**Assignment:**
The text of every record, exactly as given and with no pictures, should be your output.

[Scraped caption text data]

====================

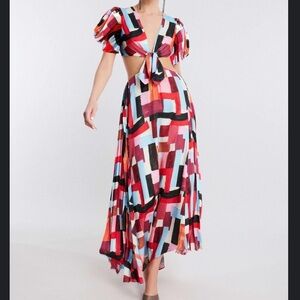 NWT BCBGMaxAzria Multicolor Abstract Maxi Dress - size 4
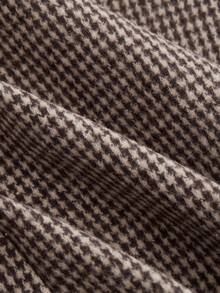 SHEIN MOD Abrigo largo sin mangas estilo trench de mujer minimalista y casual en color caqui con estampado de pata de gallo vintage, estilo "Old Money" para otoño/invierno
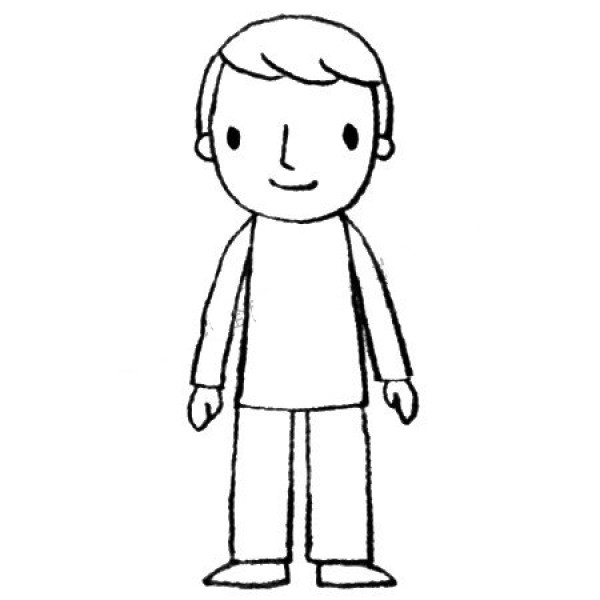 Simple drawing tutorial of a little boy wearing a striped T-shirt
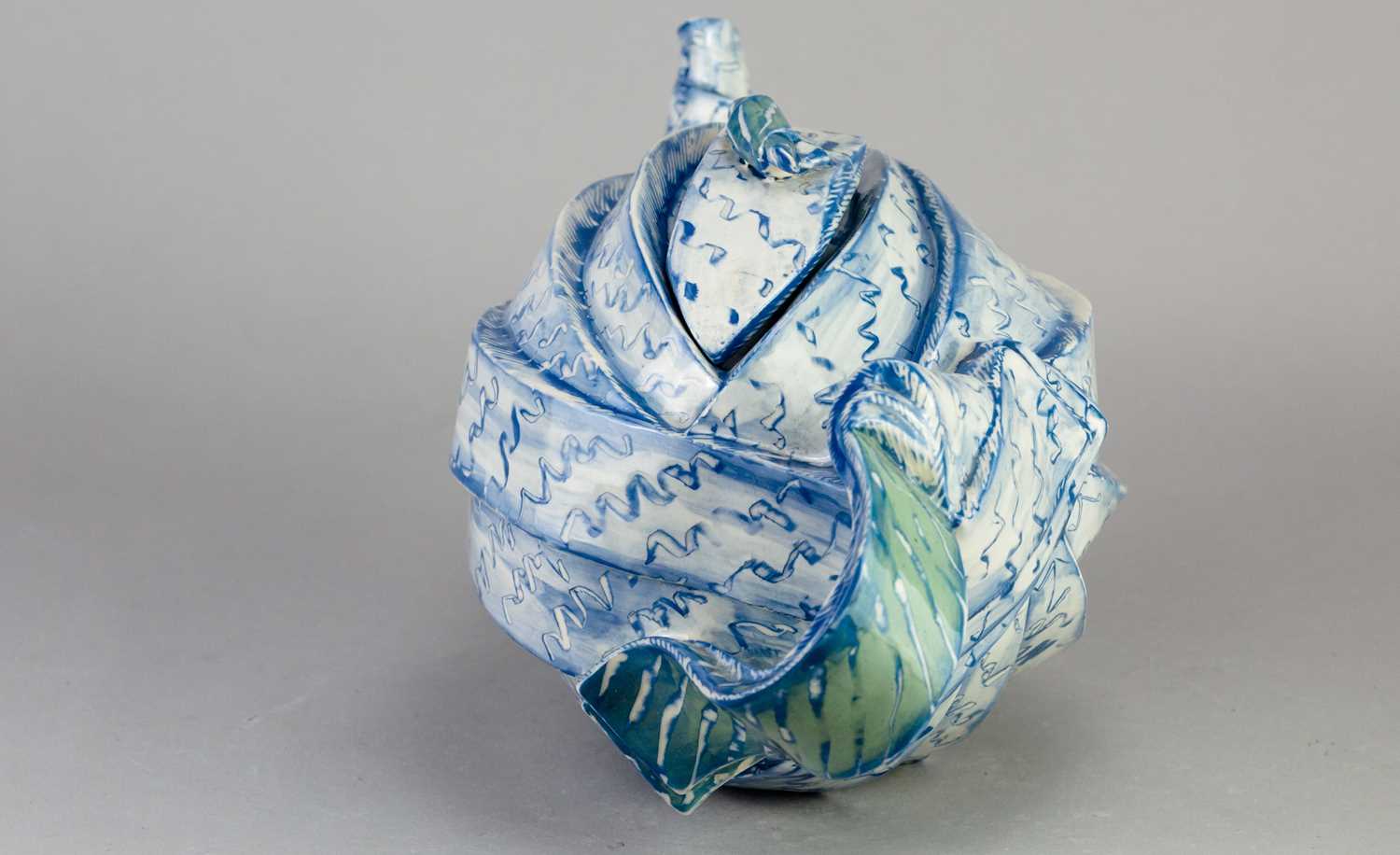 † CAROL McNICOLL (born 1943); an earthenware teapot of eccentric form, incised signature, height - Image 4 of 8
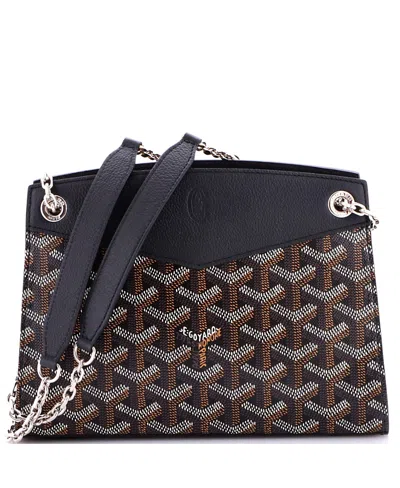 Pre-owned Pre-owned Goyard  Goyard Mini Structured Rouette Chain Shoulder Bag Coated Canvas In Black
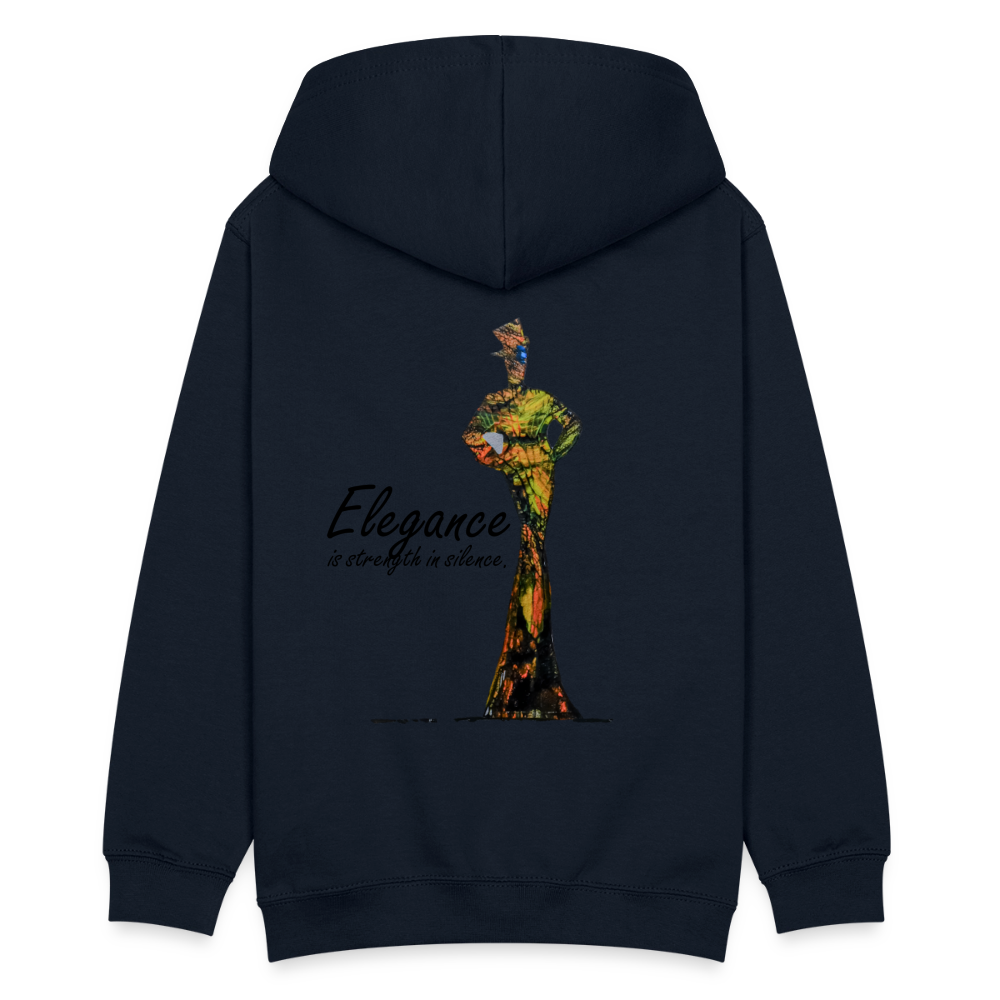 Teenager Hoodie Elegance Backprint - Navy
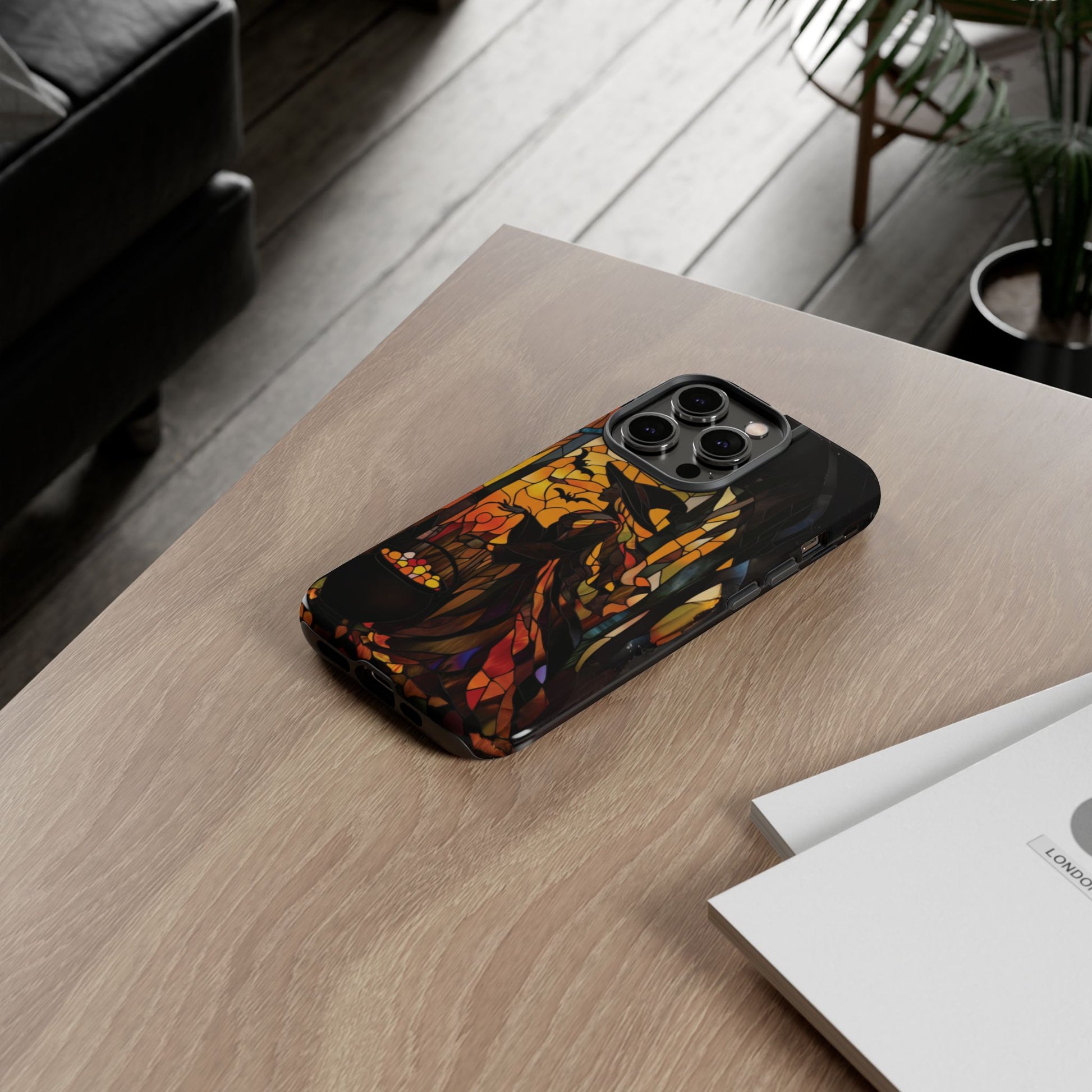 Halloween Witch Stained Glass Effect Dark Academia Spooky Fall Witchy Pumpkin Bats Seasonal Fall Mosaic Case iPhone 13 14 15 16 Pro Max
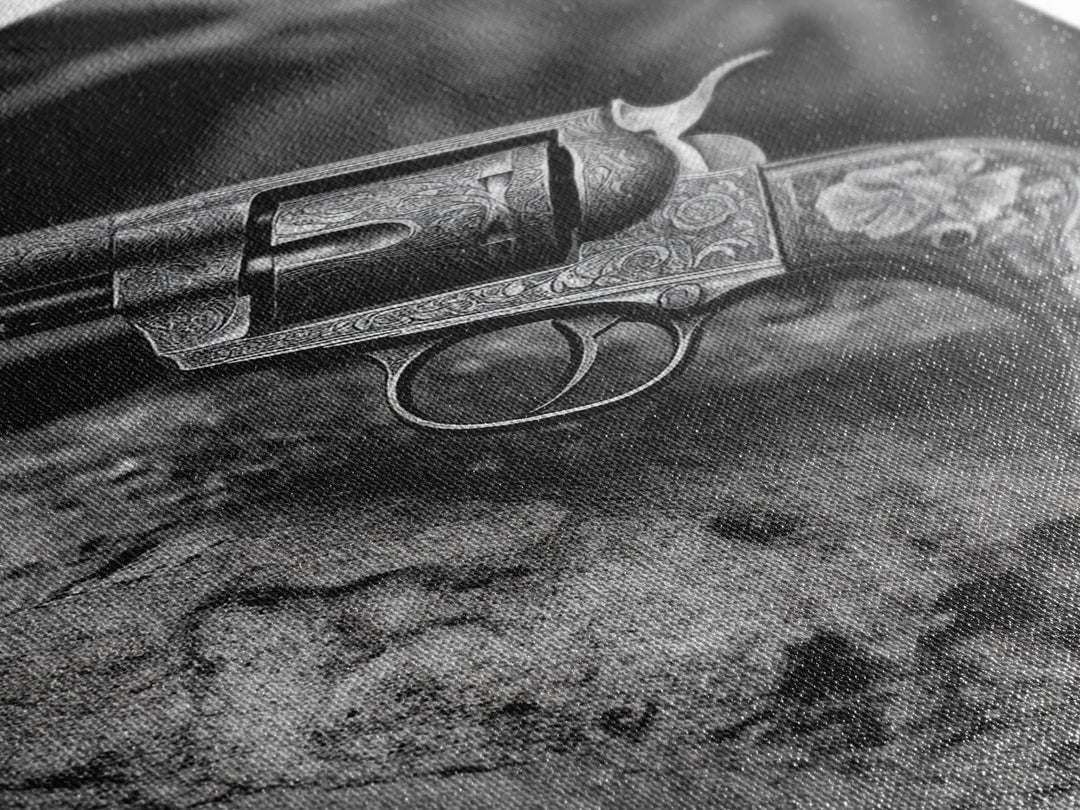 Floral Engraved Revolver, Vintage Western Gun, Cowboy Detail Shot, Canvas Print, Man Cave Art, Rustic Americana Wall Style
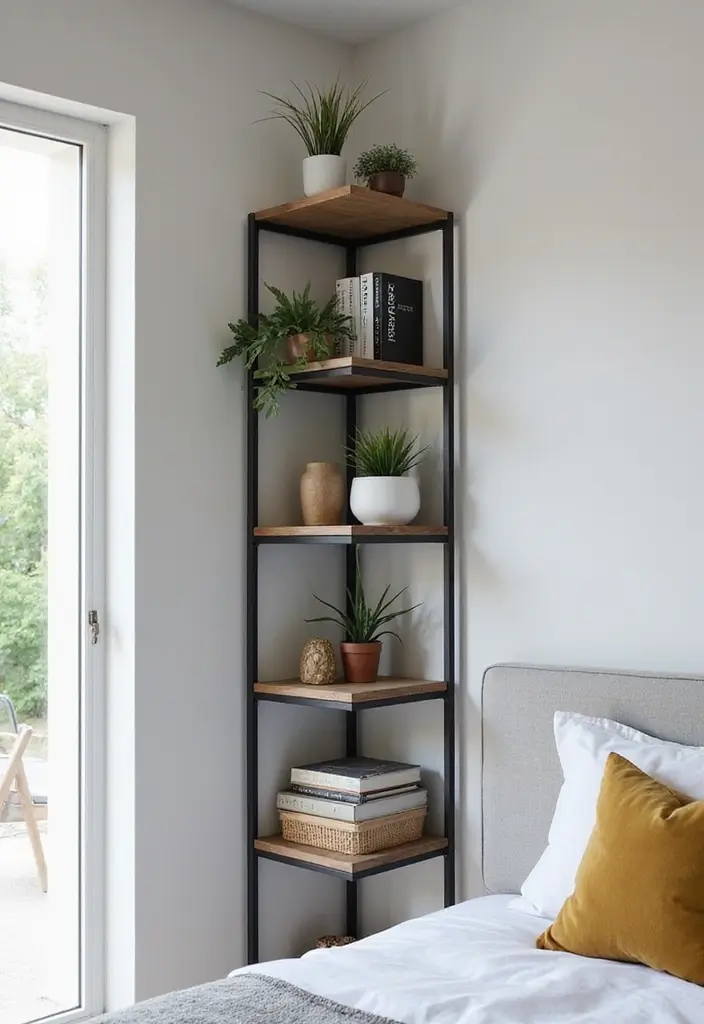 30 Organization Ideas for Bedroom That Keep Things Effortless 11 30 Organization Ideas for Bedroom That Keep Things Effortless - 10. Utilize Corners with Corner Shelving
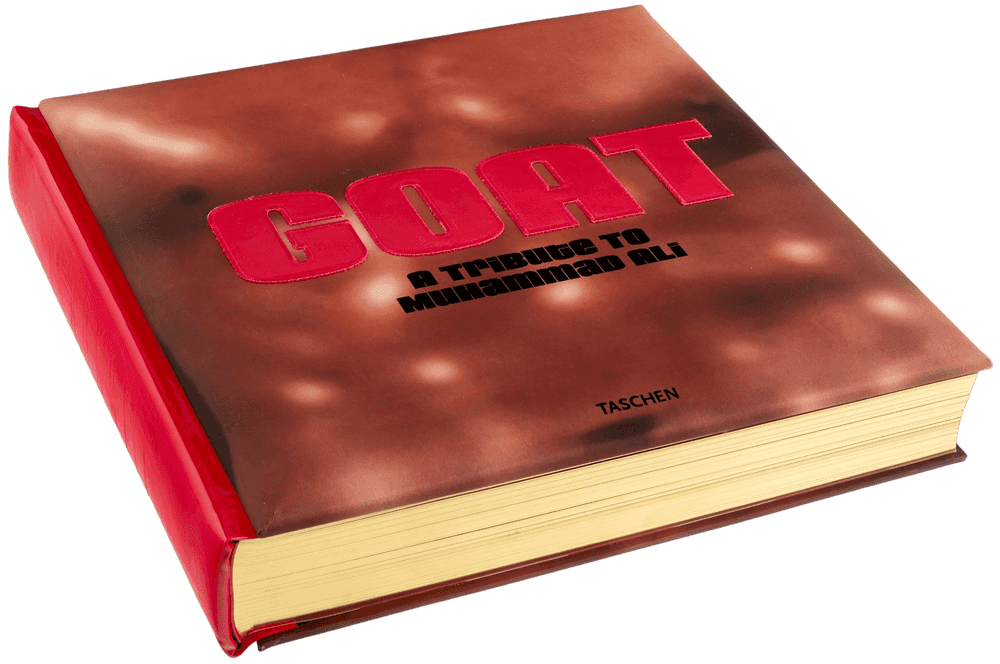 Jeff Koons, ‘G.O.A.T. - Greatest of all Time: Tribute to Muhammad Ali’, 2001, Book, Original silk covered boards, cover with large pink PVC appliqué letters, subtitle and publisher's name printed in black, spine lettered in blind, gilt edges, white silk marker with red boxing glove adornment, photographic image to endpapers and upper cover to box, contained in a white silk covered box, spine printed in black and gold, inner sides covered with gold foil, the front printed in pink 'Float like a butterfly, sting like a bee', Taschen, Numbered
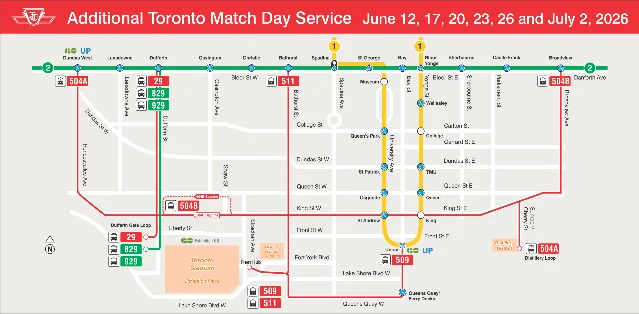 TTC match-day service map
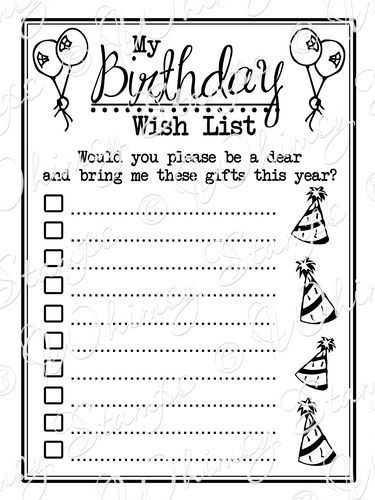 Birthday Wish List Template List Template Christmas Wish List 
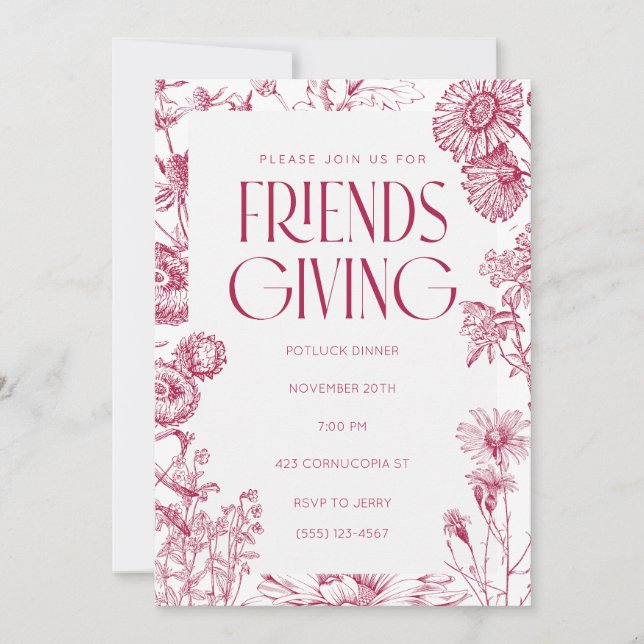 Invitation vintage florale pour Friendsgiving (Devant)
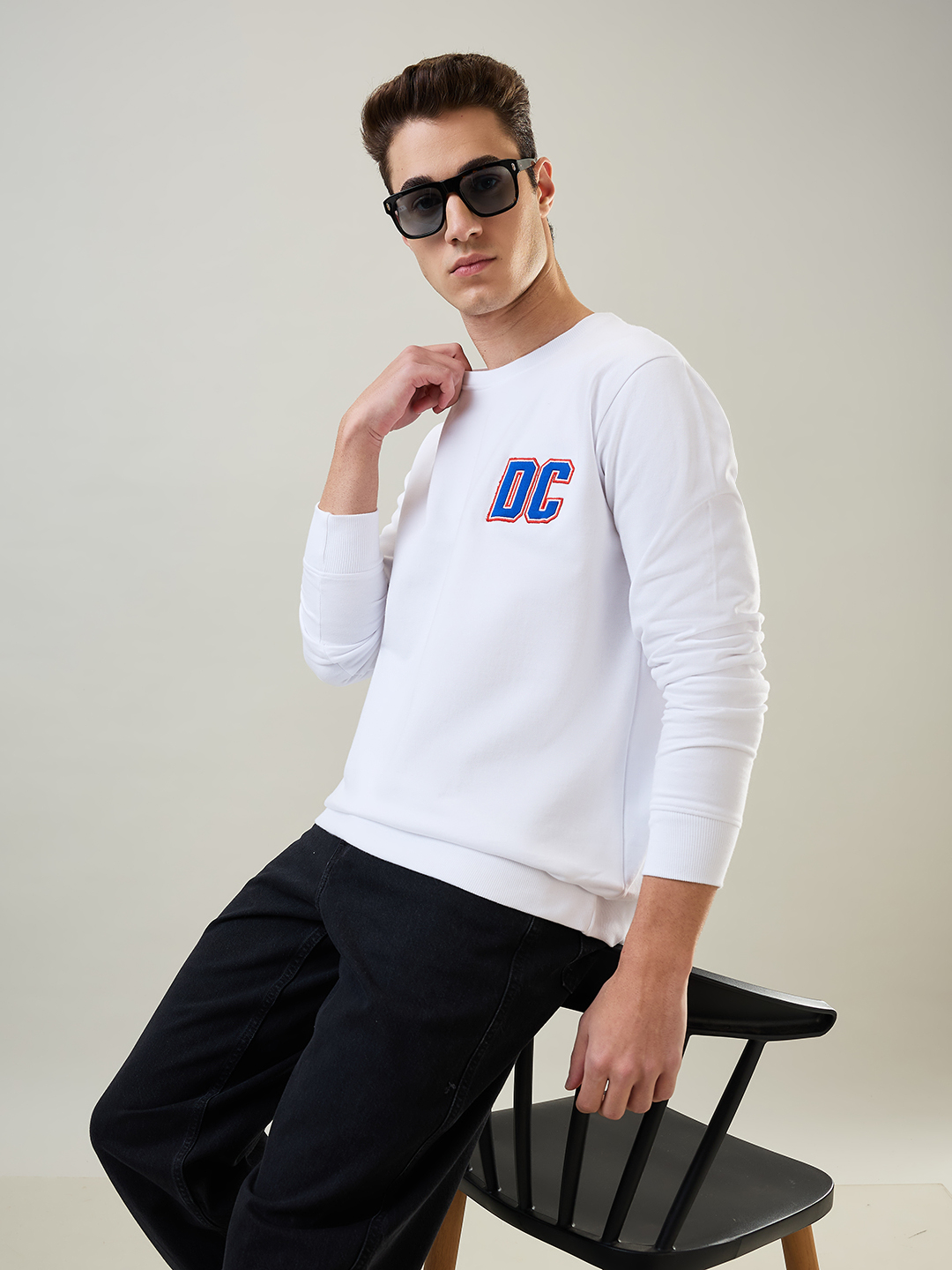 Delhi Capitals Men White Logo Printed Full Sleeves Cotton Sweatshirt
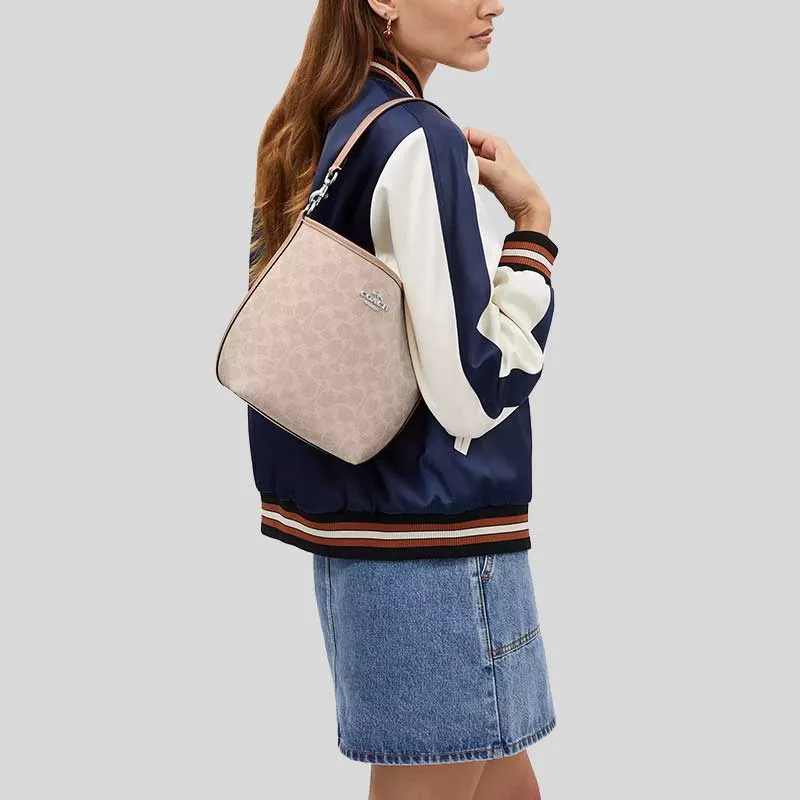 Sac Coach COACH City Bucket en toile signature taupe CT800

====================

**Finished task:**
 NWT BCBGMaxAzria Multicolor Abstract Maxi Dress - size 4
 SHEIN MOD Abrigo largo sin mangas estilo trench de mujer minimalista y casual en color caqui con estampado de pata de gallo vintage, estilo "Old Money" para otoño/invierno
 Simple drawing tutorial of a little boy wearing a striped T-shirt
 † CAROL McNICOLL (born 1943); an earthenware teapot of eccentric form, incised signature, height - Image 4 of 8
 Pre-owned Pre-owned Goyard  Goyard Mini Structured Rouette Chain Shoulder Bag Coated Canvas In Black
 Teenager Hoodie Elegance Backprint - Navy
 Halloween Witch Stained Glass Effect Dark Academia Spooky Fall Witchy Pumpkin Bats Seasonal Fall Mosaic Case iPhone 13 14 15 16 Pro Max
 Floral Engraved Revolver, Vintage Western Gun, Cowboy Detail Shot, Canvas Print, Man Cave Art, Rustic Americana Wall Style
 30 Organization Ideas for Bedroom That Keep Things Effortless 11 30 Organization Ideas for Bedroom That Keep Things Effortless - 10. Utilize Corners with Corner Shelving
 Jeff Koons, ‘G.O.A.T. - Greatest of all Time: Tribute to Muhammad Ali’, 2001, Book, Original silk covered boards, cover with large pink PVC appliqué letters, subtitle and publisher's name printed in black, spine lettered in blind, gilt edges, white silk marker with red boxing glove adornment, photographic image to endpapers and upper cover to box, contained in a white silk covered box, spine printed in black and gold, inner sides covered with gold foil, the front printed in pink 'Float like a butterfly, sting like a bee', Taschen, Numbered
 TTC match-day service map
 Birthday Wish List Template List Template Christmas Wish List 
 Invitation vintage florale pour Friendsgiving (Devant)
 Delhi Capitals Men White Logo Printed Full Sleeves Cotton Sweatshirt
 Sac Coach COACH City Bucket en toile signature taupe CT800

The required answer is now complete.